## Table of Contents
1. Install and Setup Airflow
2. Make Directories
3. Tensorflow Extended Module Files
4. Migrate Baseline Data
5. Create Airflow Pipeline File
6. Continuous Training


The goal of this notebook is to walkthrough a TFX pipeline orchestrated using Airflow. Since we prototyped the pipeline in the interactive pipeline, we can reuse a lot of the components to complete the pipeline.

In [None]:
import os

## 1. Install and Setup Airflow
To install Airflow, we need to define the location of Airflow and we can install it with pip.

In [None]:
export AIRFLOW_HOME=~/airflow
pip install apache-airflow

Once Airflow is installed, we need to initialize the Airflow database.
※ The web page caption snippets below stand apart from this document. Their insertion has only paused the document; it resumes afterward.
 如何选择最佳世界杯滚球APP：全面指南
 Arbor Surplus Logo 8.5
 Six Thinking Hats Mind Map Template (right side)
Out of the box, Airflow will work with SQLite.

In [None]:
airflow initdb

The usual Airflow setup consists of an Airflow scheduler and web server. The scheduler is responsible for coordinate the tasks while the web server provides a user interface to interact with the tasks.

In [None]:
# Open a new terminal window
airflow webserver -p 8080

# Open in a separate terminal window
airflow scheduler

If everything is working then we should be able to access Airflow by going to http://127.0.0.1:8080. You may need enter the shell commands below to setup an account to proceed.

In [None]:
airflow users  create --role Admin --username admin --email admin --firstname admin --lastname admin --password admin

## 2. Make Directories
To keep our project organized, we will move all associated files in the Airflow directory. 

In [None]:
os.mkdir(os.path.join(os.environ['HOME'], 'airflow' 'data', 'hot_dog_data'))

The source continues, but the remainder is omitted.